Neural Net Architecture is not a playground for those that demand instant gratification. The endless trials with slight variations of one parameter or another (made ever so much worse when you don’t take rigorous notes, head slap) provide feedback only when they are good and ready. So it is much like watching water boil. While we’re waiting. Lets break out Python’s cProfile and see what is going on under the hood, just to pass the time, of course.
That’s a lot of time to be spending with the binomial method. Now something suddenly makes sense. Several weeks ago in early testing on AWS there seemed to be little difference between training on a CPU optimized instance and a GPU optimized one. That in itself did not seem to surprising as there isn’t much in a neural net that lends itself to parallelization. The backpropogation at any given point depeneds entirely on every calculation that comes before it.
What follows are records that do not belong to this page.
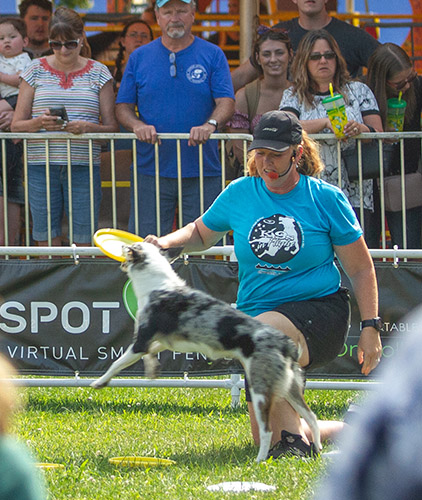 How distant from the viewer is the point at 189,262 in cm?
653

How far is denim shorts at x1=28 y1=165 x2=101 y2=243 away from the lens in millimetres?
7211

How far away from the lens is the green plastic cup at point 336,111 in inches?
265

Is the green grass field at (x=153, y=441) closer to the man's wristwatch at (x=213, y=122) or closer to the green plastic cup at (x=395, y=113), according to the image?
the man's wristwatch at (x=213, y=122)

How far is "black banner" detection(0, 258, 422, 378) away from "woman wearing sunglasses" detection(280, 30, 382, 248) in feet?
3.60

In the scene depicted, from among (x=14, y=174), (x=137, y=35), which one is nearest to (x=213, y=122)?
(x=14, y=174)

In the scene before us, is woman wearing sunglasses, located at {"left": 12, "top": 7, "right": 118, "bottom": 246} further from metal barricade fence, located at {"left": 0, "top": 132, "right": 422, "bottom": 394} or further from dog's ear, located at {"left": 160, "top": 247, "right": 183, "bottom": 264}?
dog's ear, located at {"left": 160, "top": 247, "right": 183, "bottom": 264}

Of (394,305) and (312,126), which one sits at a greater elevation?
(312,126)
However, in a recent of fit watching the water boil, I splurged and gave the GPU another go, this time with an identical architecture to one running on the CPU opt. instance. And magically … a 10-fold increase! What changed? Aha! During the first look at GPU’s I was testing regularization (so I had neuron dropout turn off) to prevent overfitting. But since then I had gone back to dropout experiments (and hence regularization) turned off.
So what does binomial have to do with all this? That is the function that creates the random mask over the neurons to turn some of them off for a particular pass. This however is something that can be parallelized. Of course, the GPU will be making hay with this. Now I just need to decide if dropout is worth that much time. Heh, I guess that’s what bigger computers are for.
Thanks Hobson for the insight on this one.